4 small sweet potatoes
400g cooked chickpeas
1 head broccoli/ cauliflower
200g calvoro nero/ kale
2 tbsp olive oil
1 tbsp fajita spice mix
Roasted Garlic Dressing
1 whole bulb garlic
2 tbsp cider vinegar
3 tbsp sour cream/yogurt/mayonnaise
1 tsp dijon mustard
1 tsp maple syrup
Set oven to 220 Deg/ 200 fan
wash and poke the sweet potatoes over with a knife.
Lay them on a baking tray and cook for 40 mins or until soft.
Meanwhile prepare the garlic, by chopping off the top of the bulb (enough to expose the tops of all the cloves). Drizzle with olive oil and a little salt and wrap up in foil. Set alongside the potatoes to roast for 40 mins.
Next prep the broccoli, greens and chickpeas by chopping broccoli into bite sized florets and greens into slices roughly the same size. Add to a baking tray, and drizzle with olive oil and sprinkle with 2tsp fajita mix.

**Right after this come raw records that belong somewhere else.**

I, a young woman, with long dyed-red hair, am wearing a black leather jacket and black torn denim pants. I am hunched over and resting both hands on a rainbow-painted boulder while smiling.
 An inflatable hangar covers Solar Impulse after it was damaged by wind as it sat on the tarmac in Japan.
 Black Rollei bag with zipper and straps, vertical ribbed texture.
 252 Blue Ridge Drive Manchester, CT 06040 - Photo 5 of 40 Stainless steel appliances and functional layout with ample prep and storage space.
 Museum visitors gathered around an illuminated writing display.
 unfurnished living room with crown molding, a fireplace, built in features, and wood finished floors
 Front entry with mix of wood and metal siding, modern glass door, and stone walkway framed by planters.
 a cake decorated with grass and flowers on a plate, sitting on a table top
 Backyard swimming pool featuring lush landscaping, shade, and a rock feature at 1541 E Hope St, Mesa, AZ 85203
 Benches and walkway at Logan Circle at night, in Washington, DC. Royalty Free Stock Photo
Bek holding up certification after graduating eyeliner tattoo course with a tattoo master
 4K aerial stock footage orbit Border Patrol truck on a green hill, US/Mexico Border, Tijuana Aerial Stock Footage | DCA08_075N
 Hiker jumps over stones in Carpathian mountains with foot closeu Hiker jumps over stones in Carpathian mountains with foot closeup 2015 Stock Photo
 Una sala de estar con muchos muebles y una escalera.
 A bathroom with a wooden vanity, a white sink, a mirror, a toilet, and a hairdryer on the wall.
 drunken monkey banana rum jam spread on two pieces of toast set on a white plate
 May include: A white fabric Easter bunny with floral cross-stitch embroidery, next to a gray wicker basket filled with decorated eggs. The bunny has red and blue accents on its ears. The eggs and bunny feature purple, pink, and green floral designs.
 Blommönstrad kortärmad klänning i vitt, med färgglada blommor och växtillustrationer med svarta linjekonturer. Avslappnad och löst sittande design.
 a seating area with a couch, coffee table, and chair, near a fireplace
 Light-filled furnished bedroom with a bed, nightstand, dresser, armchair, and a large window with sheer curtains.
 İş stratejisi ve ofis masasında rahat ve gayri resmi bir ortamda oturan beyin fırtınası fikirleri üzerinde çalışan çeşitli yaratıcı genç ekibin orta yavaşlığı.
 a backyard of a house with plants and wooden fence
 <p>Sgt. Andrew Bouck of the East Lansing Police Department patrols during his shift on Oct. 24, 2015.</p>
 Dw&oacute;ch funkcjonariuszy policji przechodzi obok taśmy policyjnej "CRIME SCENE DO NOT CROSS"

Drain chickpeas and lay out on a separate tray. Add 1 tbsp olive oil and sprinkle with 2 tsp fajita mix.
Cook the chickpeas on top shelf of oven and the greens below, for 10 - 15 mins.
Make the dressing by squeezing the roasted garlic from their pods and blending with other vinegar, yoghurt/mayo, mustard and syrup.
Plate up by slicing the potatoes in half lengthways, smashing with a fork, add 1 tsp of the dressing to each half, load with the greens, then chickpeas, then drizzle over with dressing. Serve the salad alongside.